'Intelligent discontent is the mainspring of civilization.' -- Eugene V. Debs

Thursday, April 16, 2009

From the Archives: The Whisperers 

Through the publication of The Whisperers, Orlando Figes has presented us with a profound work of scholarship that will endure as one of the most nuanced personal accounts of the ravages of Stalinism. Integrating social and political history with the individual experiences of government officials, peasants, industrial workers and Gulag survivors, his account reads like one of Tolstoy's novels.

Of course, I was both riveted and appalled by the day to day brutalities, the tragedy of shattered lives amid the idealism associated with the attempted construction of a socialist utopia, but I became engrossed through the accumulation of detail about the lives of the individuals and families over the course of the Stalinist period. Only a fellow academic, with the ability to review this monumental achievement in the course of their work, can provide a comprehensive evaluation. As a blogger, with a family and a day job, I can only emphasize some of the more fascinating aspects of the book.

Figes is masterful at relating how people, often through necessity, became obsessed with their public class identity. Significantly, as illuminated through personal accounts cited by Figes, this was a primary feature of Soviet life from the country's inception. Communists, and what little remained of the proletariat after the civil war, were privileged. People on the losing side of the civil war, including their children, were not. Such privileges were given expression in the most petty ways, at work, at school and in the allocation of scarce resources, such as housing. Hence, people quickly understood that nothing was more essential than manufacturing a proletarian identity for themselves if they did not already possess it.

Many surviving offspring of the aristocracy, the Czarist bureaucracy, merchants and the intelligentsia consciously educated themselves at vocational schools for industrial work, because such work automatically recast them as proletarian. Once they had obtained degrees and worked in the factory, they could then subsequently qualify for preferences that would enable them to become doctors, engineers and technicians. As you might guess, Figes provides numerous examples of the ingenuity associated with this endeavor.

The consequences of this social process were twofold. First, there was always this residual anxiety that the Party had been infiltrated by class enemies, requiring periodic purges to cleanse them. Second, the policy of rapid industrialization set forth in the Five Year Plan of 1928, and the professional education of proletarians required to administer it, produced the bureaucracy so maligned by Trotsky and others as state capitalism. Figes explains their ascension to positions of authority and the consumerism associated with their exclusive lifestyle.

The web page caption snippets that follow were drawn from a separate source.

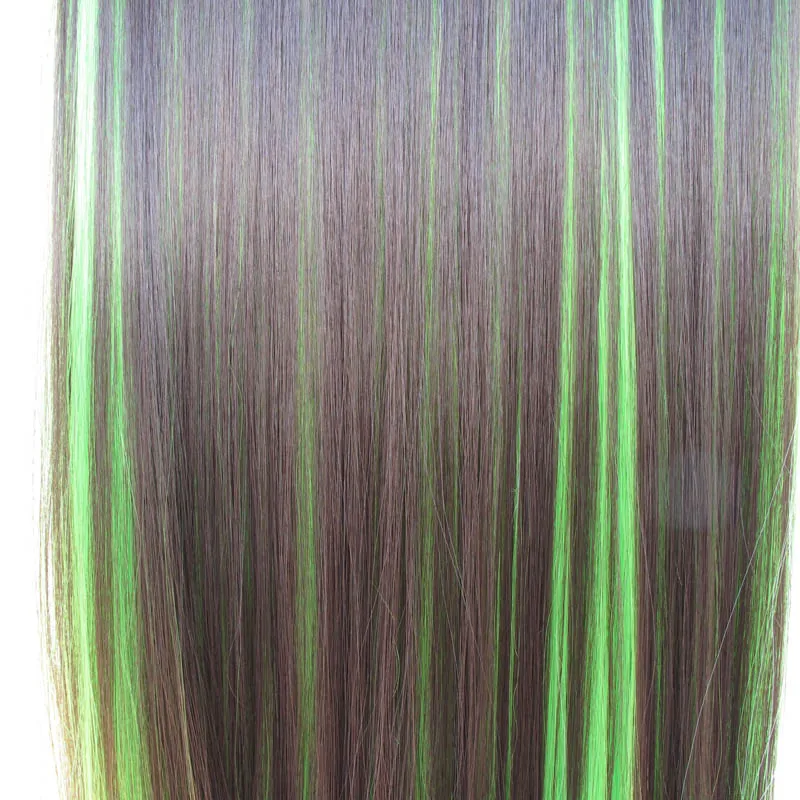 Jeedou Straight Synthetic Hair 5Clips Clip in One Piece Hair Extension Blue Brown Green Pink Highlighted Piano Color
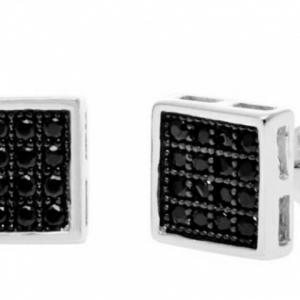925 Sterling Silver Black CZ Stud Earring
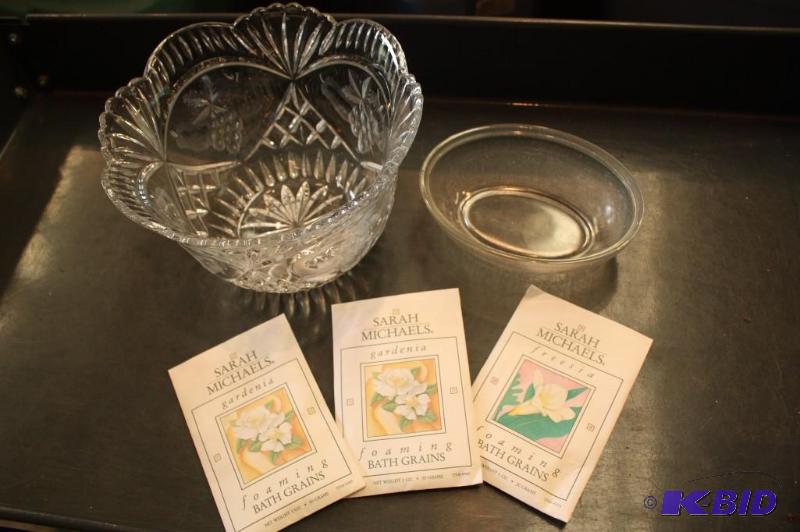 Lot of Vintage Cut Glass Bowl and Clear Glass...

Stalin brilliantly manipulated the social tensions released by this process to destroy the Party created by Lenin, and substitute himself in its place. Figes identifies five interrelated reasons as to why he was able to do so with such success through the Great Terror of the late 1930s: (1) the strong identification of the newly created proletarians with Stalin and the Communist project, an identification compelled by a craving for personal acceptance; (2) competition within the bureaucracy as ambitious subordinates informed on their superiors to create promotional opportunities for themselves; (3) the hostility of actual proletarians to the privileges restricted to Party leadership; (4) the willingness of people to inform on others to save themselves; and, finally, (5) fear of fascism.

To his credit, Figes recognizes that Stalinism was not possible without the complicity of many Soviet citizens. Chronic housing shortages, and the placement of families within the rooms of houses and apartments, played an essential role in the Soviet system of surveillance. Community housing, originally idealized as a way of architectually fostering social bonds between people, was transformed into a means whereby it became impossible to speak about any subject without fear of being overheard and denounced. Thus, as related by many interview subjects, the necessity of whispering as symbolized by the title of the book.

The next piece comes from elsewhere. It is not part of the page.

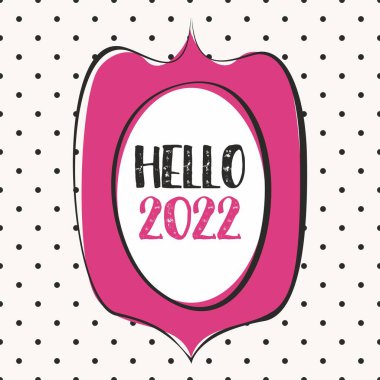 Merhaba 2022 siyah benekli gri arkaplanda pembe vektör işareti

If one looks carefully, there are some flaws in the grand conception of The Whisperers. Figes rightly emphasizes the fundamentalist vision of the Communists that prevailed in the Civil War, and the centralization of power in the succeeding years, a centralization that served as precondition to the terror and the cult of Stalin. One looks in vain, however, for any acknowledgement of the dilemma recognized 50 years ago by Isaac Deutscher in his three volume biography of Trotsky. The Communists won the Civil War at the cost of the near destruction of the proletariat in whose name they purported to rule. How then, to proceed?

Stalinism was certainly one answer, perhaps the only one, if the Communists intended to perserve their power, and indeed, even survive, as the equivocation of Stalin's opponents, Trotsky, Bukharin, Kamenev and Zinoviev, suggests. From the tone of The Whisperers, one gets the impression that Figes believes that the liberalism of the NEP should have been expanded, but even Figes points out the resentment, verging upon violence, that the rapid accumulation of wealth by merchants was engendering in the laboring classes. Of course, Stalinism was a human atrocity, but it would have been bracing to read Figes' perspective as to whether the Communists could have survived at all by taking a different path.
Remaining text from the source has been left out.